Shares of Shenzhen-based Tencent, a company that made its mark with its popular WeChat messaging service, rose 4.1% in trading Monday on the Hong Kong Stock Exchange to close at HK$420, bringing the company’s valuation to HK$3.99 trillion (about $510 billion).

That places Tencent alongside major US-based technology giants who have passed the $500 billion mark in recent months. Amazon, which went public in 1997, hit a $500 billion valuation in July. Facebook, which went public in May 2012, reached a $500 billion valuation that same month. (Both companies remain over the $500 billion mark.)

Tencent went public in 2004 (paywall), with shares priced at HK$3.70 (then $0.47), raising nearly $200 million. Interest in the stock remained tepid for about five years, before its price began to rise—slowly in 2009, then steadily by 2013, and then meteorically in 2017. Its stock price is up over 120% since its first of day trading this year, according to Factset.
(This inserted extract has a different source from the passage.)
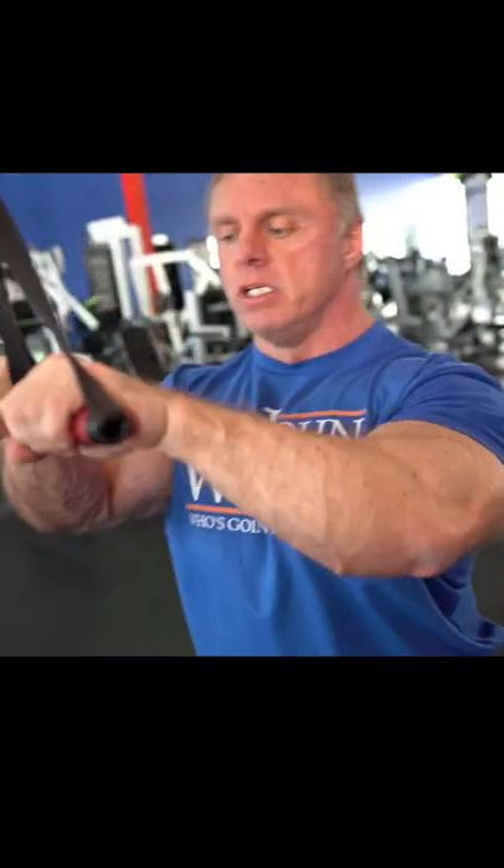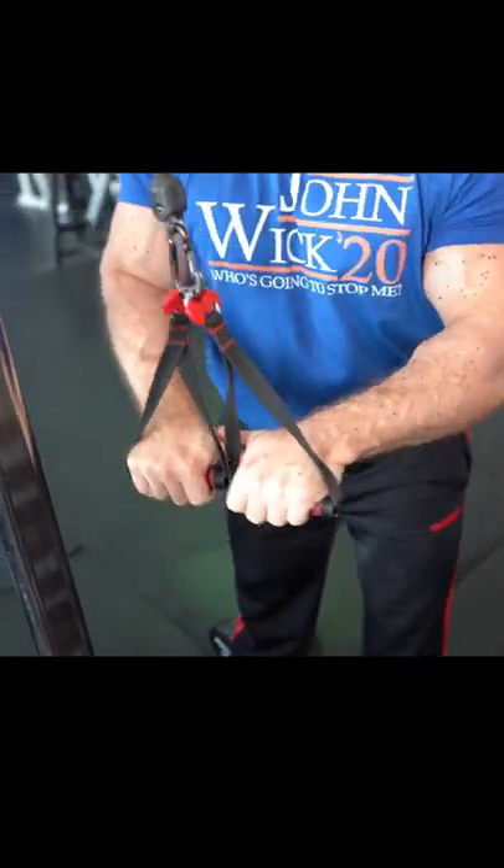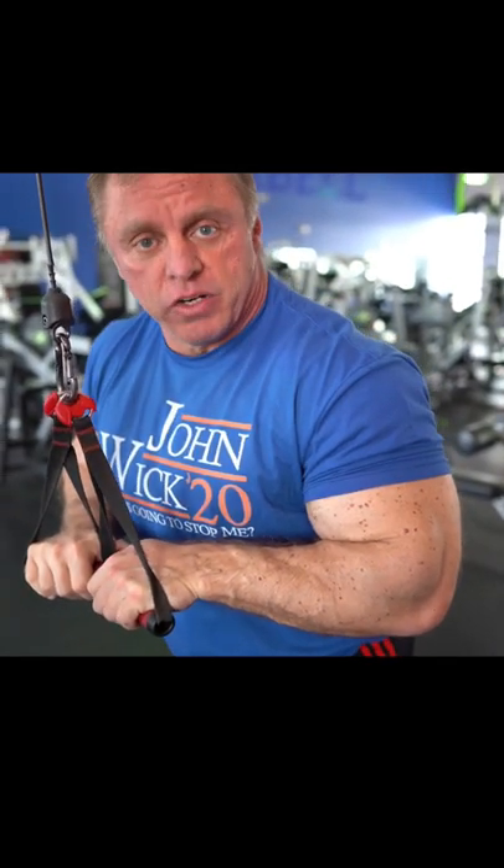We start with this dual handle spongy grip. I usually take my thumbs and let them touch each other. I let the handles come up and stretch. I'm in a real good stretch position right here, and I just drive straight down for triceps.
Tencent’s mobile chat app, ubiquitous across the country, originated in 2011 as the Chinese answer to WhatsApp, and now counts some 980 million active monthly users. It has evolved into a news reader, an online payment provider, a taxi hailer, and a search engine all rolled into one. While it makes very little money for Tencent directly, it’s a funnel for the mobile and PC games that have long remained Tencent’s cash cow, and it might eventually turn into something lucrative in its own right.

The company has delivered stellar earnings over the past year, driven largely by the success of the hit mobile game Honour of Kings. Last week it reported quarterly revenues of 65.2 billion yuan ($9.8 billion), up 61% from the year prior, and net income of 18 billion yuan (about $2.7 billion), up 69% from the year prior.